→ Work task
Begin at the line that has "Students during a", stop after the line that has "Black surfboard leaning", and print exactly those lines from the records below, without any pictures.

→ Captioned web image data
Segment Open
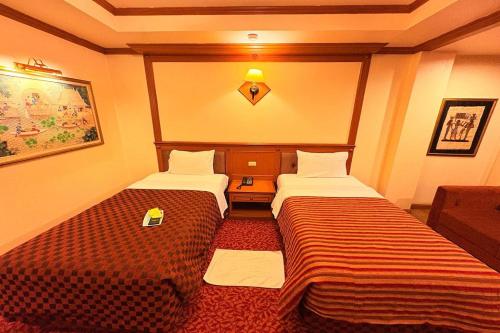 Postel nebo postele na pokoji v ubytování Taksila Hotel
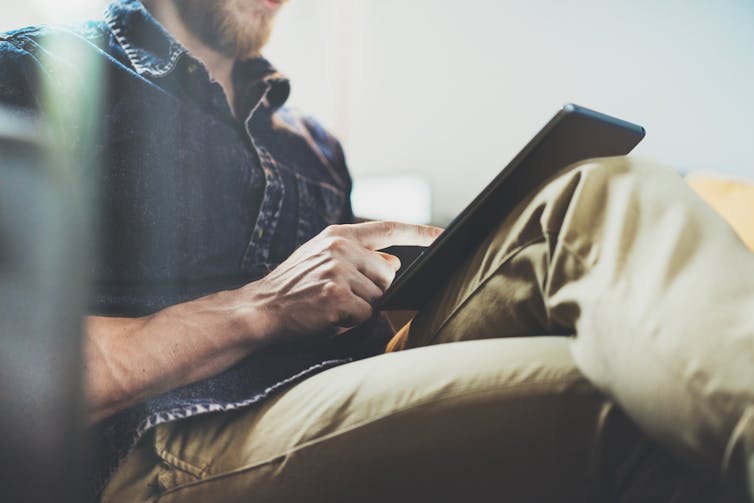 A man on a tablet computer.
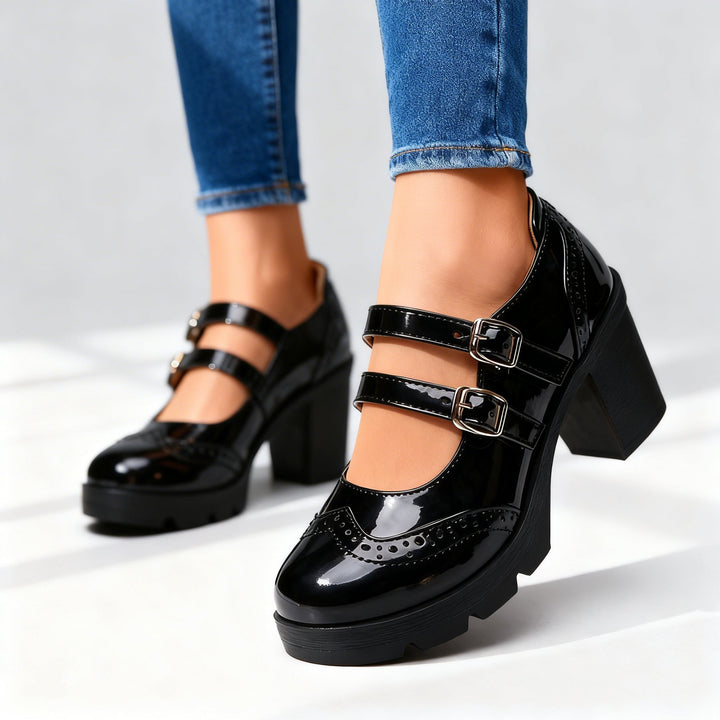 Black patent leather Mary Jane heels with silver buckle straps and platform sole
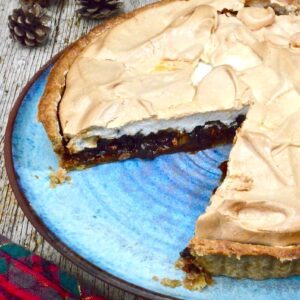 Mincemeat meringue pie sitting on a blue plate with a slice missing.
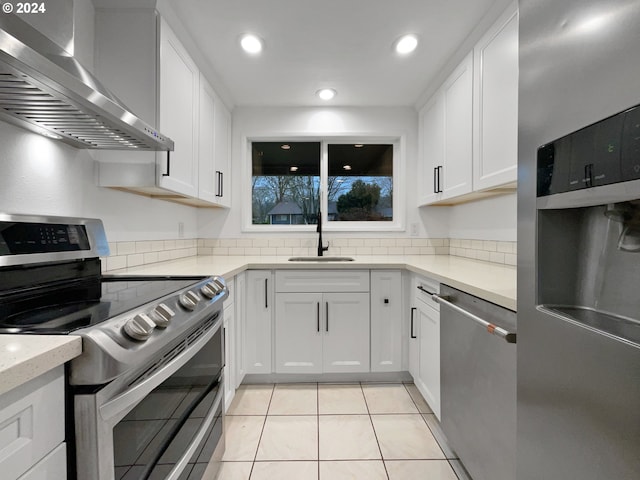 kitchen featuring white cabinetry, sink, wall chimney range hood, and appliances with stainless steel finishes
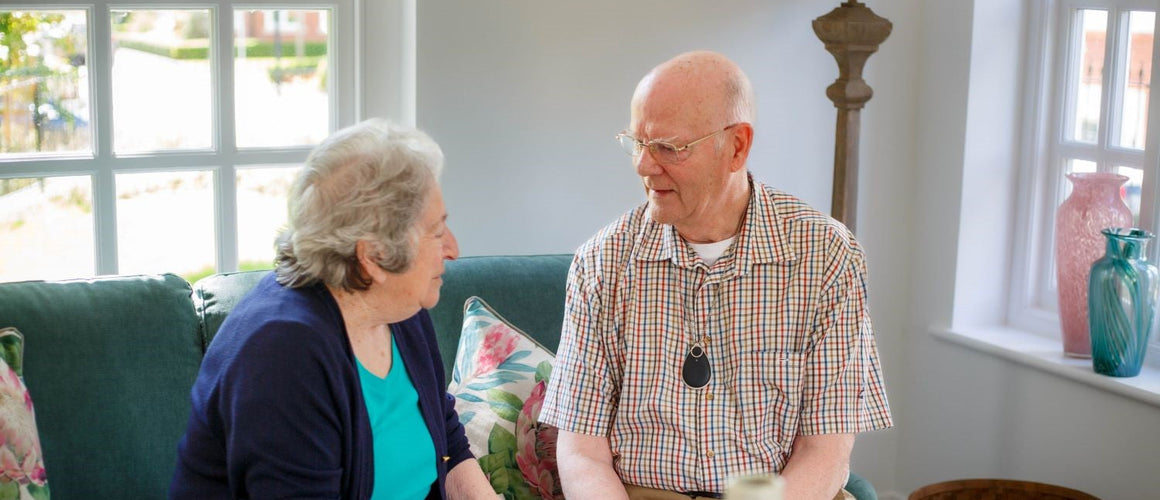 Elderly couple happy and confident with a personal alarm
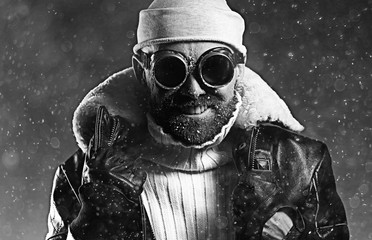 brutal portrait of a bearded man winter snow goggles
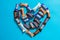 Twix, Milky Way, Snickers, Bounty, Mars popular mini candy chocolate bars on blue background in heart shape. Love concept.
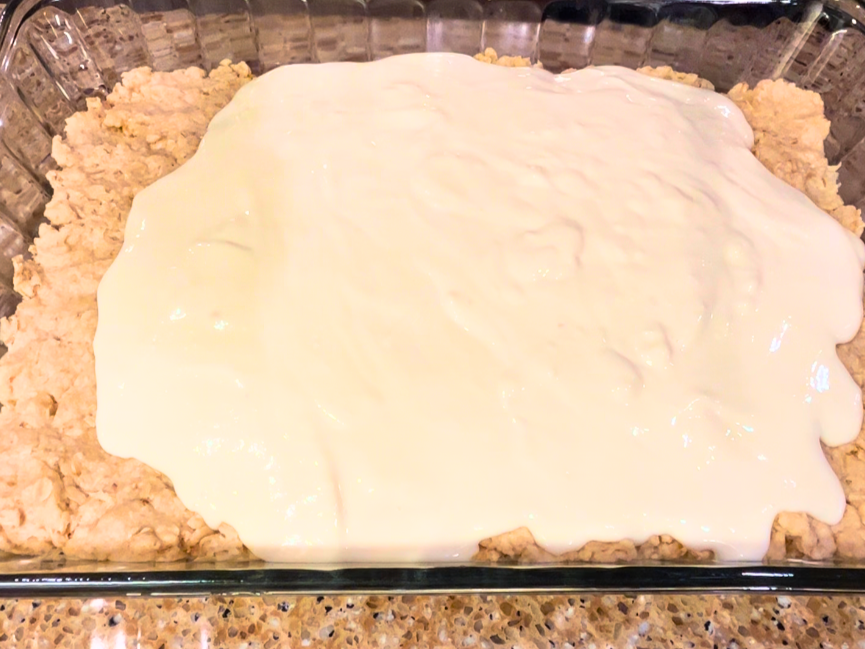 A baked oatmeal crust with a cheesecake layer being poured on top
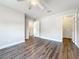 Large bedroom with new flooring, ceiling fan and view into the hallway at 22119 Weeks Blvd, Land O Lakes, FL 34639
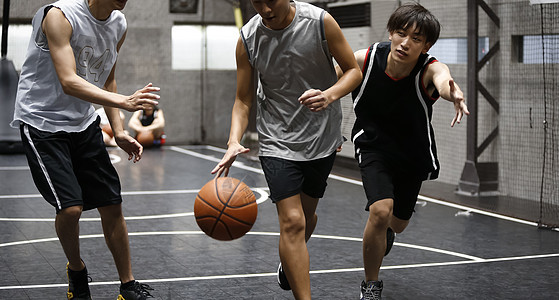 在体育馆打篮球的年轻人图片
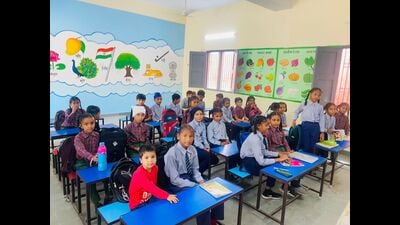 Students during a class at one of the newly constructed classrooms at Government Primary School, Kadiana Kalan, in Ludhiana on Wednesday. (HT Photo)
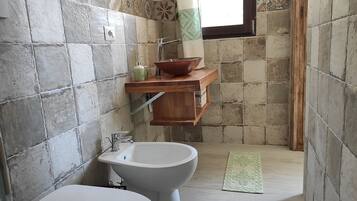 Un baño con inodoro, bidé y un estante de madera con un cuenco y botellas.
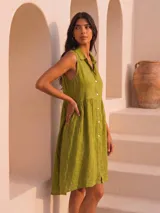 Vestido camisero midi sin mangas de lino italiano, color verde, con cuello camisero, cierre frontal de botones y diseño con corte en la cintura y falda ligeramente fruncida.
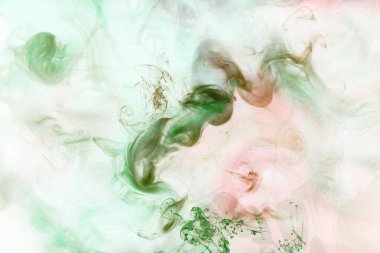 Renkli soyut arka plan, suda parlak karışım boyalar, canlı dans renkleri, suyun altında dönen duman. Aroma şehvetli konsept, narin parfüm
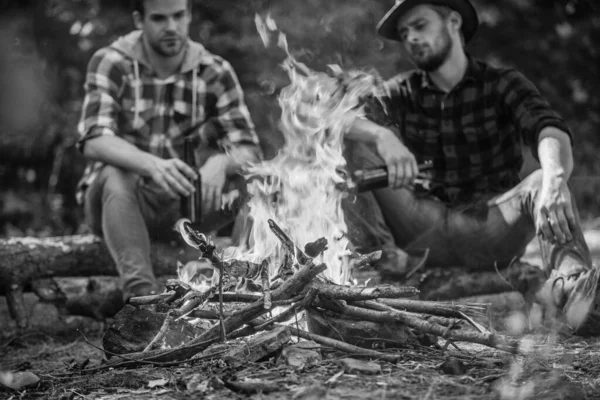 great time together. two men relax at fire. hiking and camping. male friendship. drink beer bonfire. ranger at outdoor activities. spend picnic weekend in nature. Adventure concept. hike and people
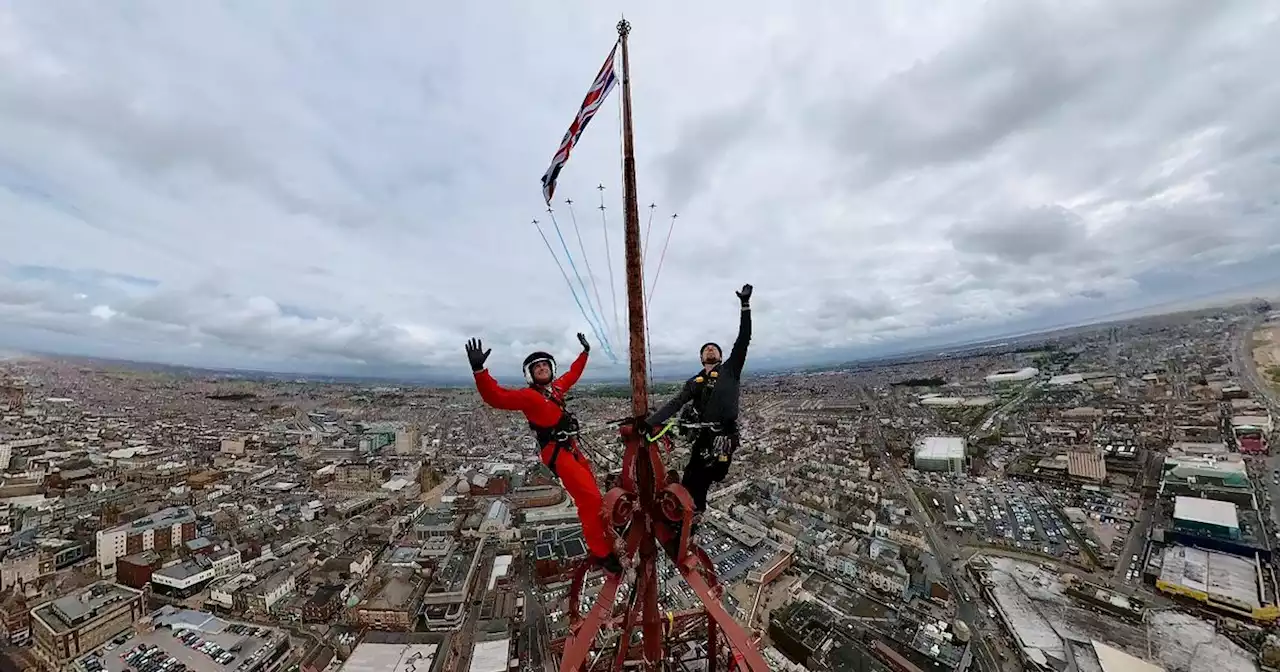 Thrill-seekers scale 518ft Blackpool Tower for stunning Red Arrows selfie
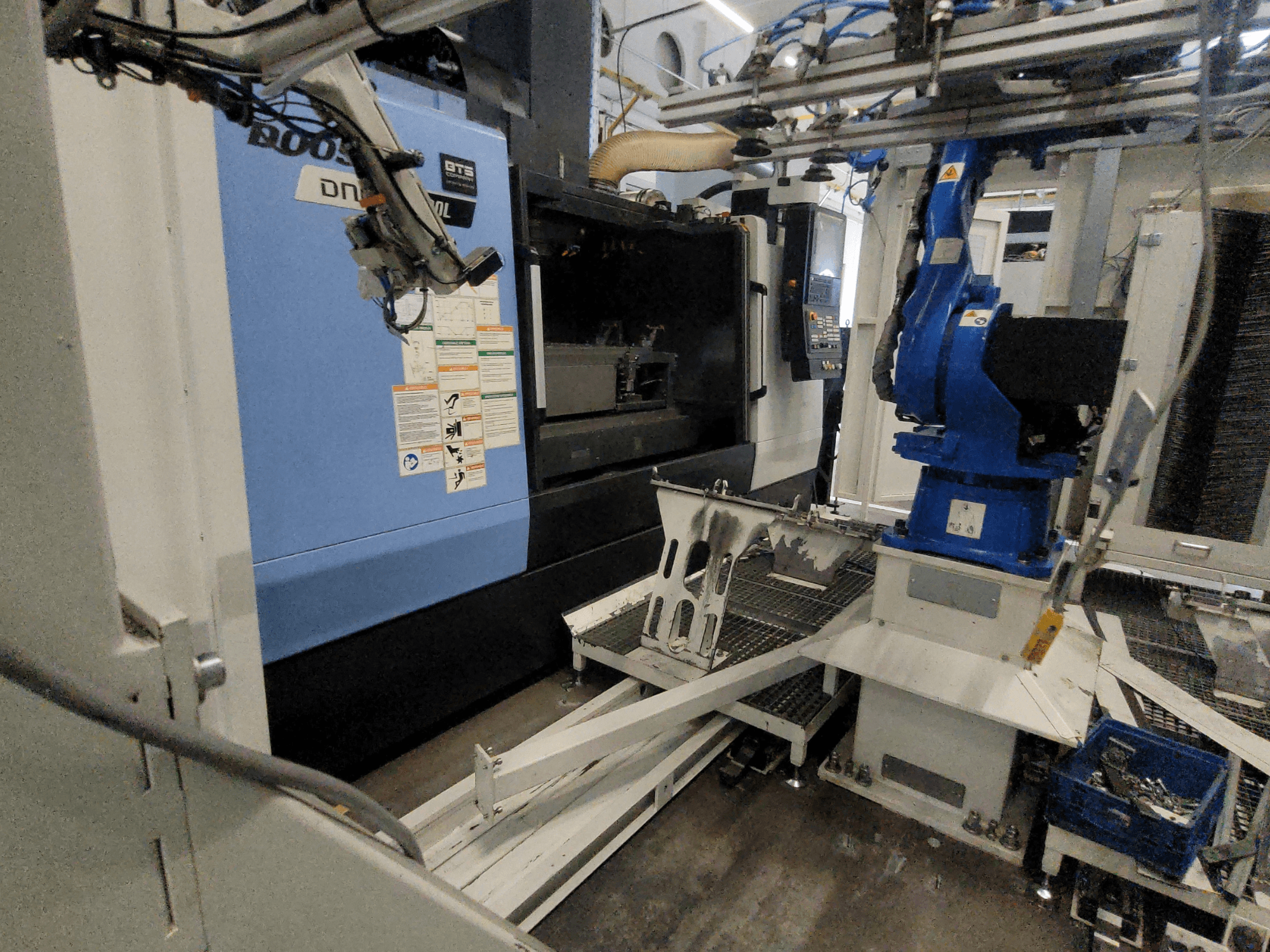 DOOSAN DNM 6700L Vertical Machining Centre side view, with robotic arm and control panel visible, showcasing machinery setup.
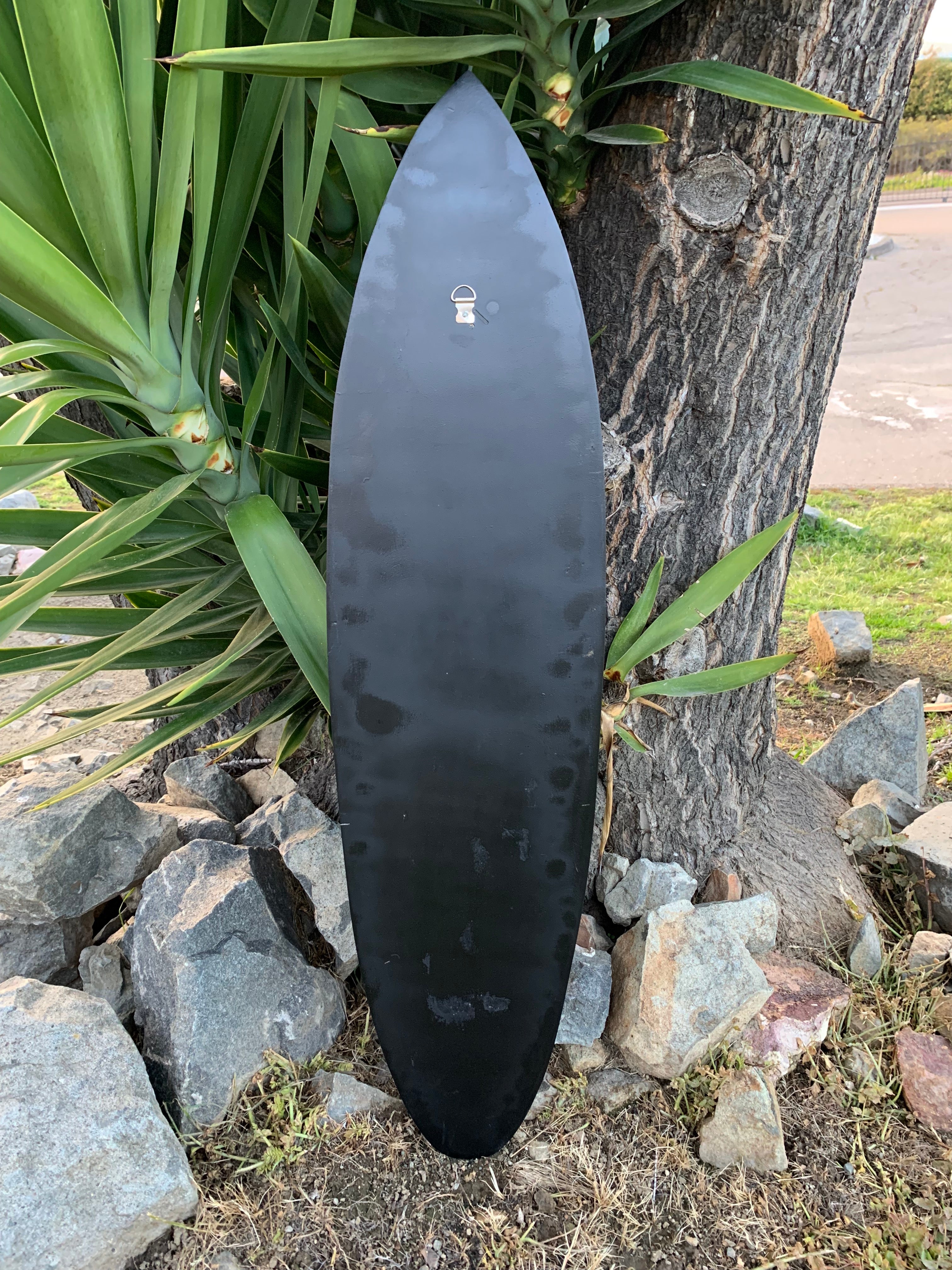 Black surfboard leaning against a tree amid plants and rocks.
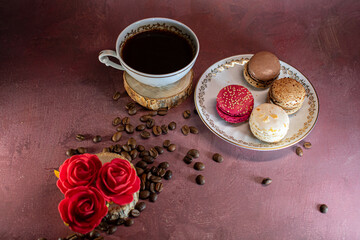 White coffee cup with gold trim on wooden coaster beside a plate of colorful macarons—chocolate, coffee, pink, and vanilla. Coffee beans scattered on a burgundy surface create a warm, inviting scene.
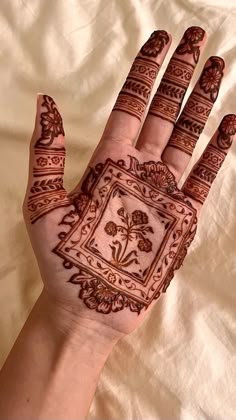 a person's hand with hennap on it and flowers in the middle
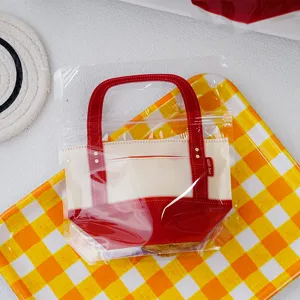 Clear plastic cookie packaging bag with red handle portable gift pouch for baking treats.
Segment Closed
→ Response area
 Students during a class at one of the newly constructed classrooms at Government Primary School, Kadiana Kalan, in Ludhiana on Wednesday. (HT Photo)
 Un baño con inodoro, bidé y un estante de madera con un cuenco y botellas.
 Vestido camisero midi sin mangas de lino italiano, color verde, con cuello camisero, cierre frontal de botones y diseño con corte en la cintura y falda ligeramente fruncida.
 Renkli soyut arka plan, suda parlak karışım boyalar, canlı dans renkleri, suyun altında dönen duman. Aroma şehvetli konsept, narin parfüm
 great time together. two men relax at fire. hiking and camping. male friendship. drink beer bonfire. ranger at outdoor activities. spend picnic weekend in nature. Adventure concept. hike and people
 Thrill-seekers scale 518ft Blackpool Tower for stunning Red Arrows selfie
 DOOSAN DNM 6700L Vertical Machining Centre side view, with robotic arm and control panel visible, showcasing machinery setup.
 Black surfboard leaning against a tree amid plants and rocks.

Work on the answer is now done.